▶ **EXERCISE DETAILS**: Strip the pictures and reproduce the rest of the listing exactly.

▶ **DATA SEGMENT**:
*** Begin section ***

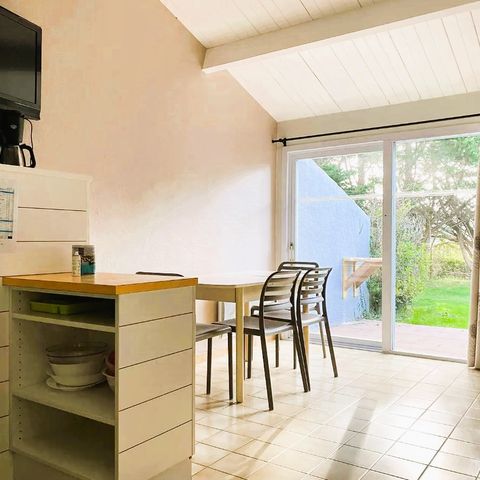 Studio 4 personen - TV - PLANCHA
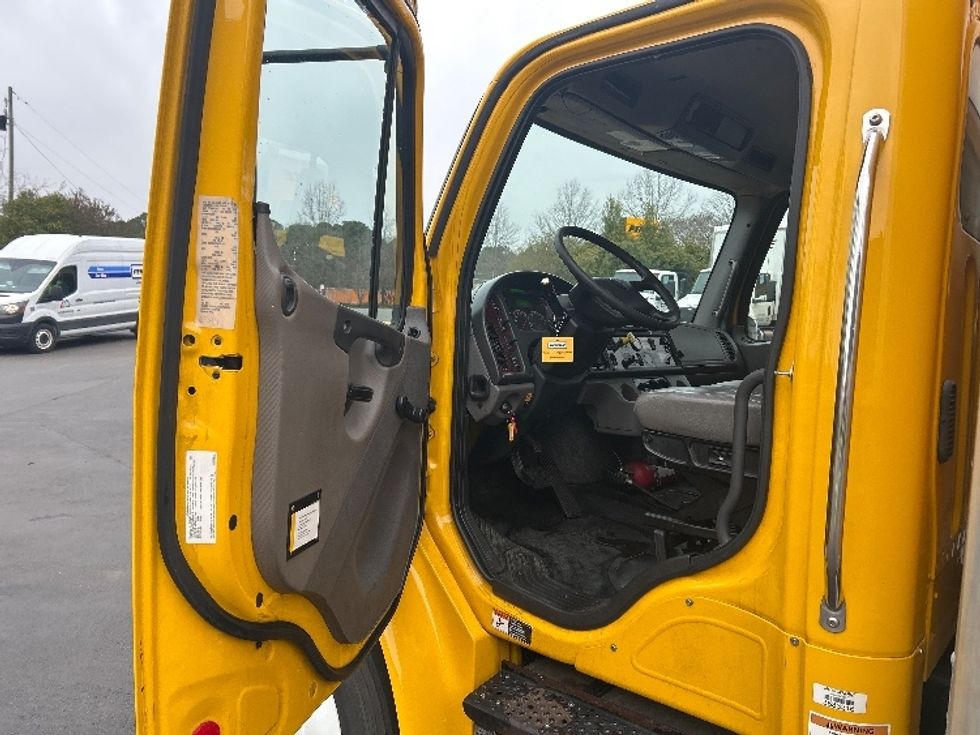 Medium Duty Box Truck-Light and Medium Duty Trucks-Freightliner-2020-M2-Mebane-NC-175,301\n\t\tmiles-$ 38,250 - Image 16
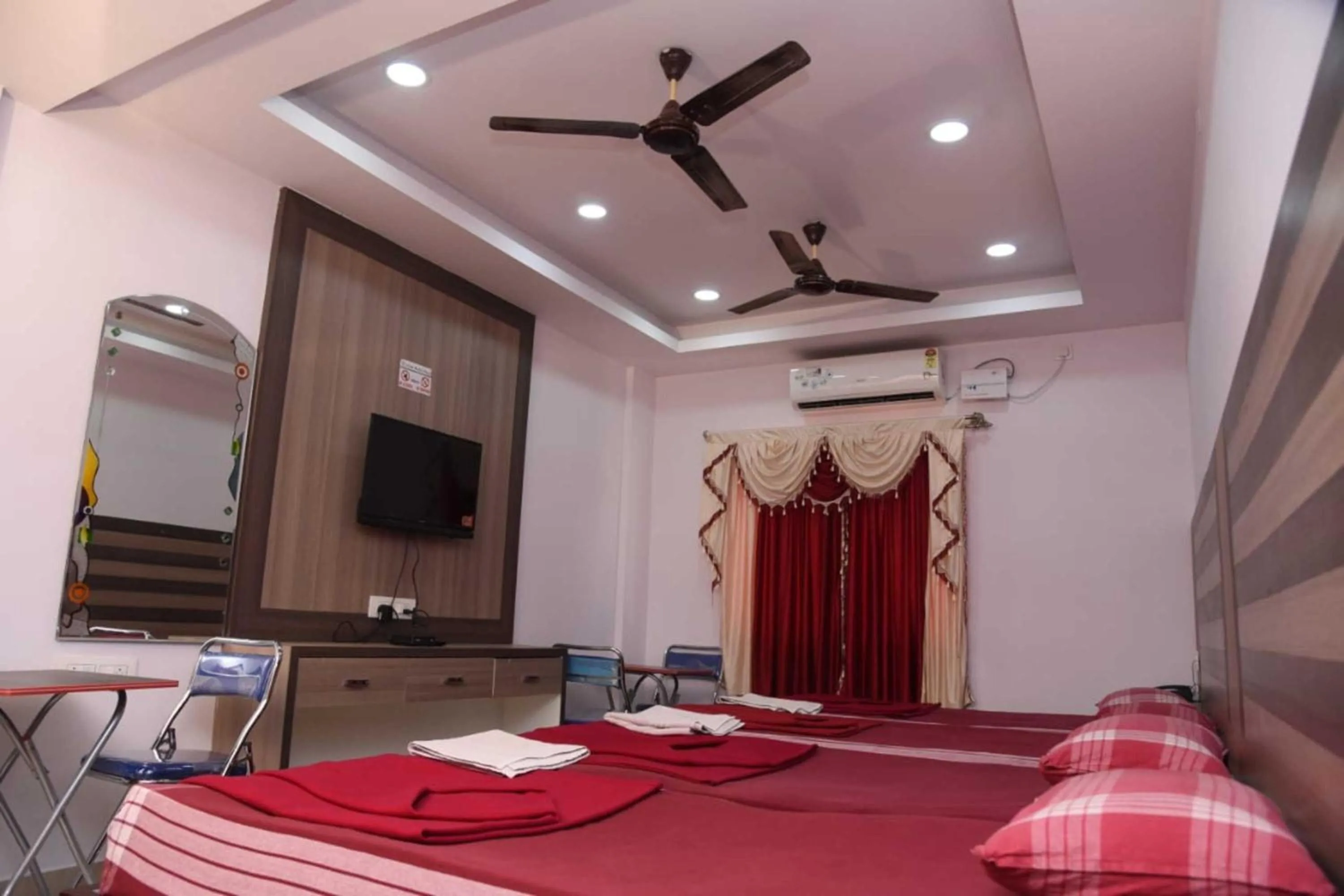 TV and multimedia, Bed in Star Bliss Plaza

*** End section ***

▶ **SOLUTION TO THIS PROBLEM**:
 Studio 4 personen - TV - PLANCHA
 Medium Duty Box Truck-Light and Medium Duty Trucks-Freightliner-2020-M2-Mebane-NC-175,301\n\t\tmiles-$ 38,250 - Image 16
 TV and multimedia, Bed in Star Bliss Plaza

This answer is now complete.